Data Lake Best Practices
For the sake of brevity, this list is limited to the bare essentials:
- Data Lake implementation should be customized to support the specific needs of the enterprise or the industry that will use it.
- Existing data management policies of the enterprise should be supported by the Data Lake implementation.
- Try to automate adding metadata during data ingestion as much as possible.
- A single Data Lake should be able to perform different architectural roles. For some users, a Data Lake will only serve as a digital archive, while other users perform advanced analytics of that data and find new ways to utilize it.

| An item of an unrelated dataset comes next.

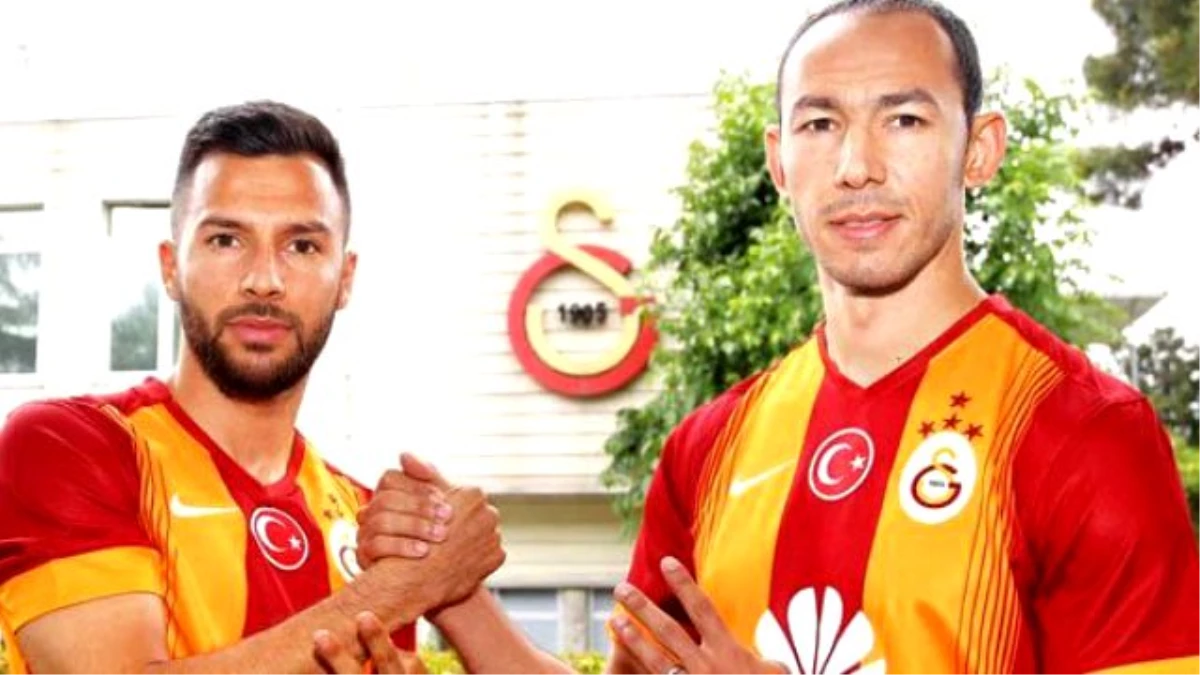 Şampiyon Galatasaray Forma, Bayrak ve Tişörtleri Yetiştiremedi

Software Stacks Used in Data Lakes
Software and cloud vendors have developed several software stacks for Data Lake implementation. We will list a few of the more popular ones for reference.
Microsoft Azure
- Azure Data Lake - Integrated Data Lake Solution
- Azure Data Lake Storage - Data Lake Cloud Storage
- Data Lake Analytics - On-demand Analytics Job Service
- HDInsight - Managed Hadoop for Open Source Analytics
Amazon AWS
- Amazon S3 - Data Lake Cloud Storage
- Amazon S3 Glacier - Archive Cloud Storage
- AWS Glue - Prepare Load, and Catalog Data
- AWS Data Exchange - Find and Use Third-Party Data
- Amazon Athena - Interactive Data Lake Analytics
- Amazon EMR - Managed Hadoop Service for Open Source Analytics
- Amazon Kinesis - Real-time Analytics
- Amazon Elasticsearch Service - Operational Analytics and Indexing
- Amazon Quicksight - Dashboards and Visualization
Google Cloud Platform
- Google Cloud Storage - Cloud Storage
- Dataproc - Managed Hadoop Service for Open Source Analytics
- BigQuery - Interactive Data Lake Analytics
The Future of Data Lakes
A Data Lake is a secure, robust, and centralized storage platform that lets you ingest, store, and process structured and unstructured data. Raw data assets are kept intact, while data exploration, analytics, machine learning, reporting, and visualization are performed on the data and tweaked as needed. This means raw data can be reused and repurposed at a later date, without much hassle.

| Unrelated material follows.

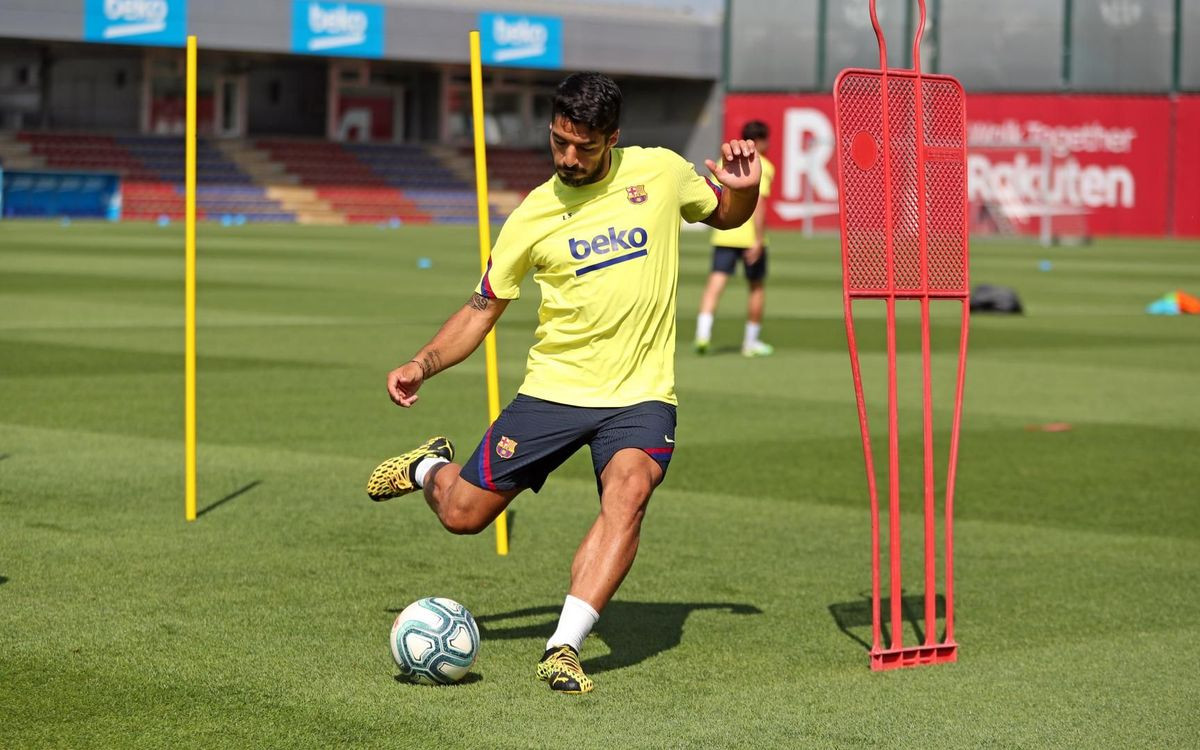 Suárez en un entrenamiento del Barça / FCB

Although many proponents or vendors may make bold promises, Data Lake architecture will never remove the need for traditional databases, nor replace them. It is simply not envisioned or designed to do that. Most daily business operations will continue to rely on traditional database systems. Repetitive and strictly defined tasks—such as sales, invoicing, inventory, banking transactions—are perfectly implemented in traditional databases. Data Lakes work in conjunction with traditional databases to generate more value from data already available to an organization, gaining new insights and discovering new information from existing data.
Early implementations of Data Lakes were plagued by the fact that the architecture is designed by data scientists for data scientists. Setting up all different components and tools required highly qualified data engineers. Mining and analyzing data from Data Lakes also faced the same challenge, as it was mostly code-based and required specialized talent. Of course, this was not an issue for huge tech companies that dominate the big data space, thanks to their large pool of skilled software engineers and data scientists. However, new solutions like integrated, turnkey Data Lake platforms and GUI-based user interfaces instead of code-based control could make it much easier for companies to implement and use Data Lakes.
In the future, Data Lake architecture and logic could be used and integrated with large document management systems, various digital archives, public records, health care records, scientific research datasets, and so on.